Your objective – What you return must match the entries exactly, except that the pictures are gone.

(Stored data begins)

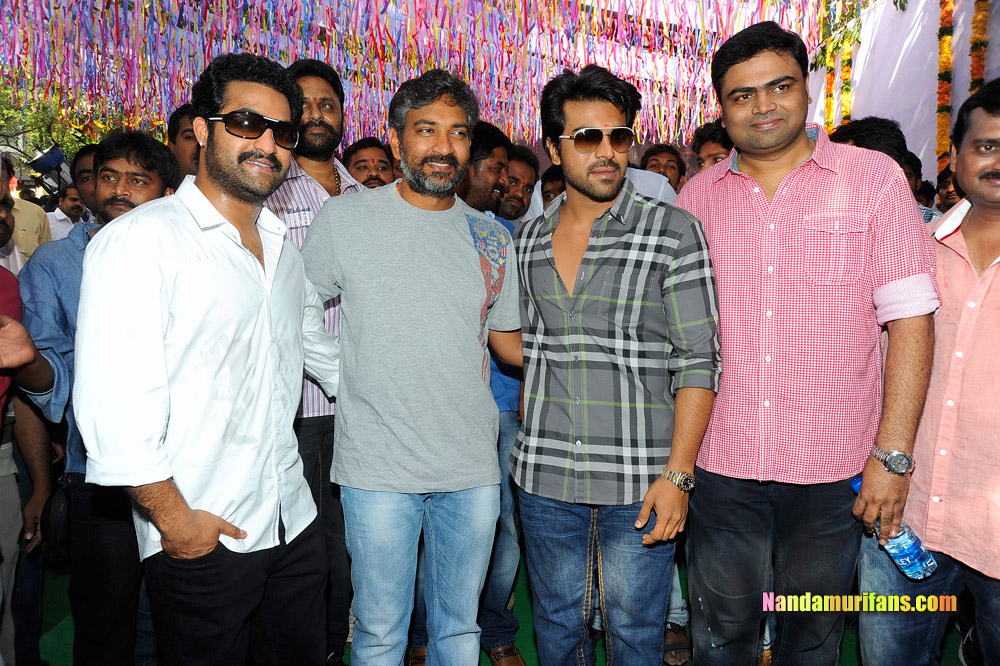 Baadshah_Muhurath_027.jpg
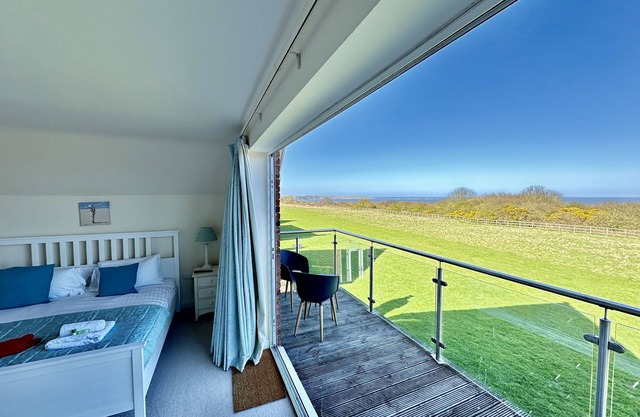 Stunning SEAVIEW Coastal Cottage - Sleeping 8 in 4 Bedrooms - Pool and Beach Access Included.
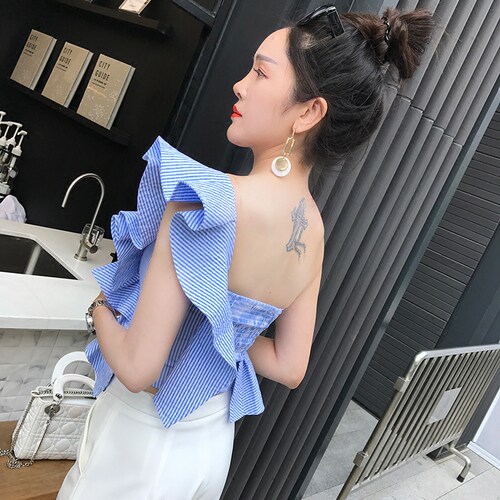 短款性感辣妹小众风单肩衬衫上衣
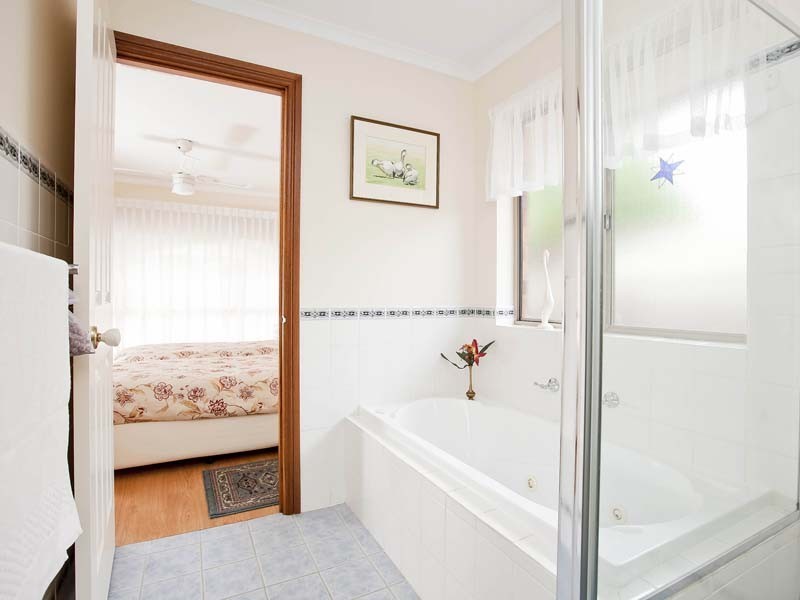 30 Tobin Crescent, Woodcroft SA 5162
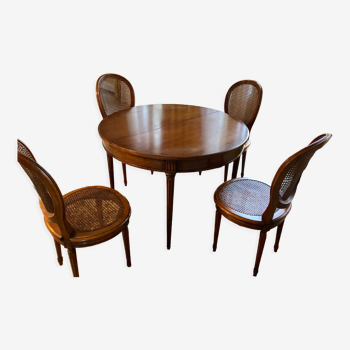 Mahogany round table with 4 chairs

(Stored data ends)

Result of this task –
 Baadshah_Muhurath_027.jpg
 Stunning SEAVIEW Coastal Cottage - Sleeping 8 in 4 Bedrooms - Pool and Beach Access Included.
 短款性感辣妹小众风单肩衬衫上衣
 30 Tobin Crescent, Woodcroft SA 5162
 Mahogany round table with 4 chairs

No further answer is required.